Editor: Most Loudoun residents believe in the importance of the arts in our community. Certainly, the hundreds of artist-entrepreneurs who live in Loudoun County are an economic force. According to the Federal Bureau of Economic Analysis, the arts employ more than 4.7 million workers nationwide, creating 4.23 percent of our domestic product.
Much more importantly, the arts are the glue that binds us all together. A dance or musical performance, or an experience journaling, or learning a craft, connects us to our history and prepares us for new ways of thinking. Public art projects transform urban environments in ways that bring people together. When we use the term “culture,” we are referring to these shared understandings, this “created community.”
This past year we saw the closing of some prominent cultural programs. The LAC’s Arts in the Village Cooperative Gallery lost its lease in January. A forty-year-old performing arts institution, the Bluemont Concert Series, also closed its doors this year. Other arts organizations are struggling to find performance space and keep afloat. In this environment, we are more determined than ever to fight for a role for the arts in the development of Loudoun County.
Scores of new construction projects are started here every year. As one of the most wealthy counties in the U.S., Loudoun seems to enjoy an embarrassment of riches when it comes to commercial development. It is indeed embarrassing to witness the small amount of attention paid to creative placemaking here compared to nearby Arlington, Fairfax, Prince William, Clarke, Shenandoah or Frederick counties.
Surrounding counties offer their residents several places to attend performances and make and view art. These facilities are funded a variety of ways, by crowdfunding, through dynamic partnerships between businesses, community groups, and non-profit organizations—and with local government support.

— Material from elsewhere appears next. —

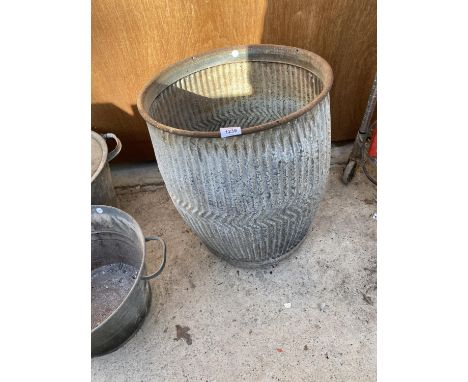 A VINTAGE METAL DOLLY TUB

This is something we can improve.
This year, we would like to join with all arts and community organizations in Loudoun to support our own local culture, and call for policy change. Arts facilities should have a central place in future development and redevelopment plans in Loudoun’s towns and urban areas. Monetizing every square inch of real estate won’t lead to lasting success. Strong communities have physical facilities dedicated to public life. We need those dedicated spaces in Loudoun.

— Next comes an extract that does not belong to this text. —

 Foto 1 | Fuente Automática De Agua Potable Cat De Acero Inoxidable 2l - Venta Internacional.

It’s a big goal. We can’t do this alone. Most of our community arts groups are run, like the LAC, by just a handful of volunteers. The LAC, for example, has no paid staff. Everyone on the Board has—at least—one other job. These volunteers put in many hours supporting local arts organizations, recognizing and rewarding our young talent, managing grants, and creating new opportunities for working artists. Like other arts groups in Loudoun, we often feel like we are pedaling as hard as we can.
But, by coming together, with all of our various connections, we can have a much louder voice. In my last full year as Loudoun Arts Council president, I ask everyone to help create a new local arts coalition for this purpose. The arts deserve a place in our policymaking, and in our towns.